Sep 15, 2023

Implementing a Python List in C: an introduction to pointers and dynamic memory management

If your experience in software development is restricted to high-level languages such as JavaScript and Python, you may have gaps in the understanding of some fundamental concepts behind common data structures, like “dictionaries” and “lists”. I’m not saying that abstractions are bad, but it’s essential that you, as an engineer, understand the tools you’re using in your day-to-day work.

Take Python, for example. You can easily set up a list and append all sorts of stuff into it:

When you step down to a lower-level language like C, you realize things aren’t as straightforward as that. You can't just keep piling items into arrays indefinitely, and you certainly can't mix different data types together.

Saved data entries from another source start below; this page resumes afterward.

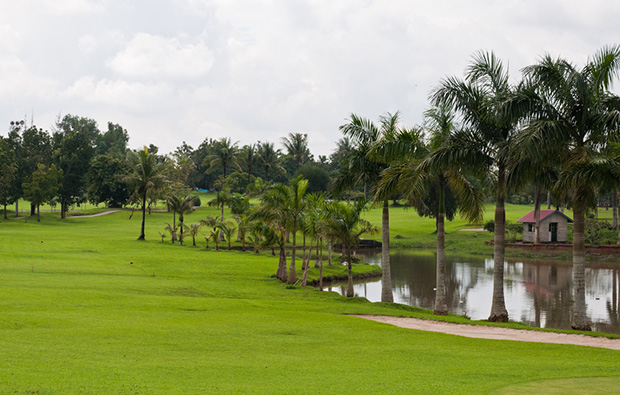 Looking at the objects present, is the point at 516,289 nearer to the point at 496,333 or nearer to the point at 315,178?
the point at 496,333

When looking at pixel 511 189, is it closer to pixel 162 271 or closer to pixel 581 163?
pixel 581 163

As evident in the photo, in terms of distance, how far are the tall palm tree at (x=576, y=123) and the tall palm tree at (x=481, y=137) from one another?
5.91ft

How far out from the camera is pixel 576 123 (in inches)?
921

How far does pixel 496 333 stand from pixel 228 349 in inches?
Result: 422

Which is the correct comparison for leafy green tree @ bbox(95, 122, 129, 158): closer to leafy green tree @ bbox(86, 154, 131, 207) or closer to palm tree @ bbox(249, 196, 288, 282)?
leafy green tree @ bbox(86, 154, 131, 207)

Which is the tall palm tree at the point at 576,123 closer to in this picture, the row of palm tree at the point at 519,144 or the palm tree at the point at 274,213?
the row of palm tree at the point at 519,144

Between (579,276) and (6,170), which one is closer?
(579,276)

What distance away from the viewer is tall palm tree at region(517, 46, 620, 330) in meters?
21.9

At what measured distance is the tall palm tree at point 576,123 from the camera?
21906mm

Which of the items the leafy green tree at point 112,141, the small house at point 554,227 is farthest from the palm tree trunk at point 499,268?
the leafy green tree at point 112,141

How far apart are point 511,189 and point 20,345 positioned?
733 inches

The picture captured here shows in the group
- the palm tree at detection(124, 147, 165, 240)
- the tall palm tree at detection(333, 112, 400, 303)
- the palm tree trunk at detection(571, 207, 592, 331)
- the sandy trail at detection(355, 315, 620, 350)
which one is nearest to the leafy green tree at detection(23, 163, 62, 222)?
the palm tree at detection(124, 147, 165, 240)

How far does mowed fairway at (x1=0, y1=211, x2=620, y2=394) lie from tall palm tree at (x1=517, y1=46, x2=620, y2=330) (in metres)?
6.27

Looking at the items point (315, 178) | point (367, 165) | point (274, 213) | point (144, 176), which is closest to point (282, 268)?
point (274, 213)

Arrays in these languages have fixed sizes and can only hold elements of the same data type or size.

In this post, we'll dive into why arrays, by definition, must have fixed sizes and uniform data types. Then we will implement a basic version of a Python list in C [1], shedding light on the fundamental concepts used by modern high-level languages to implement dynamic and multi-typed arrays.

Why must arrays be homogeneous?

One of the main advantages of arrays is the access time. It doesn't matter whether you try to access an item at index 8000 or index 1, both lookups are bounded above by a constant time, regardless of the element's position or how big is the array.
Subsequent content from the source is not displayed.